# Fun with Astrometry

**LSST-DA Data Science Fellowship Program**

*by Alex Drlica-Wagner (2025-09-15)*

In this notebook we explore a few features related to astrometry and proper motion. I've attempted to follow the mathematical notation used in the lecture notes, though you may also want to look at Gary Bernstein's notes from DSFP Session 11.

*Acknowledgements: This notebook draws inspiration from previous DSFP notebooks from Gary Bernstein and Colin Slater.*

In [None]:
# Standard imports
import numpy as np
import scipy.stats
import pylab as plt
import pandas as pd

## Exercise 1: Centroid Fitting


### The 1D Case

In the lecture notes we asserted several statistical properties that we will now verify. First, let's verify that in the trivial, unbinned case, the uncertainty on the mean decreases as $1/\sqrt{N}$. We will do this by sampling the standard normal distribution (our "PSF") multiple times with different numbers of samples ("photons").

In [None]:
# Draw the 1D locations "photons" from a "PSF"

# Use scipy.stats to create a Gaussian probability density function (pdf) to represent our PSF.
# (Aside: the random variable classes in scipy.stats are very useful for quick simulations)
mu,sigma = 0, 1
pdf = scipy.stats.norm(mu,sigma)

# Measure the mean calculated from 1000 trials at each number of photons
ntrials = 1000
nphotons = [1, 10, 100, 1000, 10000]
unbinned_means = []
for i in nphotons:
    means = []
    for j in range(ntrials):
        # Draw "i" randome samples from the pdf
        x = pdf.rvs(size=i)
        # Calculate the mean and add it to our list of means
        means.append(np.mean(x))
    unbinned_means.append( [i, means] )

# Note that an equivalent (and faster) way to do this is
unbinned_means = [ (i, np.mean(pdf.rvs(size=(i, ntrials)), axis=0)) for i in nphotons]

In [None]:
# Plot how the distribution of means changes with photon number
plt.figure()
for n, mean in unbinned_means:
    plt.hist(mean, bins=np.linspace(-1, 1, 100), label=f"Number of Photons: {n}")
plt.xlabel("Unbinned Mean")
plt.ylabel("Number of Trials")
plt.legend()

In [None]:
std = np.array([np.std(means) for nph, means in unbinned_means])
plt.scatter(nphotons, std, label="Measurements")
plt.plot(nphotons, sigma/np.sqrt(nphotons), '--', color='gray', label=r"$\sigma/\sqrt{N}$")
plt.gca().set_yscale('log')
plt.gca().set_xscale('log')
plt.legend()
plt.ylabel("Scatter in the Mean")
plt.xlabel("Number of Photons")

The above example demonstrates that our statistical assumptions worked for continuous, unpixelized samples from a distribution.
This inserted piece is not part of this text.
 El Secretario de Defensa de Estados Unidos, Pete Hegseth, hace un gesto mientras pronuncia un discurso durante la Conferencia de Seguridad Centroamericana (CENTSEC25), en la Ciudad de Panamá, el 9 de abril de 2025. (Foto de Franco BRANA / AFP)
Now we want to check that the same statistical properties hold for a pixelized distribution.

<span><span style="color:blue;font-weight: bold;">Exercise:</span>  Use `np.histogram` to bin the "photons" into "pixels". Verify that our statistical assumption holds for 1D pixelated data when the mean is calculated as $$\bar{x} = \frac{ \sum_{x} x I_x } {\sum_{x} I_x},$$ where $I_x$ is the intesity (counts) in the pixel located at coordinate $x$.

In [None]:
# Draw the 1D locations "photons" from a "PSF"
mu,sigma = 0, 1
pdf = scipy.stats.norm(mu,sigma)

# Configure the bins ("pixels")
bins = np.linspace(-10,10,101)
centers = (bins[1:] + bins[:-1])/2.

# Create sources with different numbers of photons
nphotons = [1, 10, 100, 1000, 10000]
# Number of realizations of each source
ntrials = 1000

In [None]:
# Your code here...




### The 2D Case

Now, let's try the 2D example. First we'll start by defining our 2D point source as a multivariate normal distribution centered at $x,y = (2,0)$ with $\sigma_x = \sigma_y = 1$. (We choose to offset the source and make our image rectangular to help double check that our array indexing is correct.)

In [None]:
# Create the 2d normal distribution

# The mean of the distribution (offset to help verify indexing)
xtrue,ytrue = 2, 0
mu = np.array([xtrue,ytrue])
# The spread (now a covariance array)
sigma = 1
cov = np.array([ [sigma,0], [0,sigma] ])
# Create the multivariate normal "PSF" 
pdf = scipy.stats.multivariate_normal(mean=mu,cov=cov)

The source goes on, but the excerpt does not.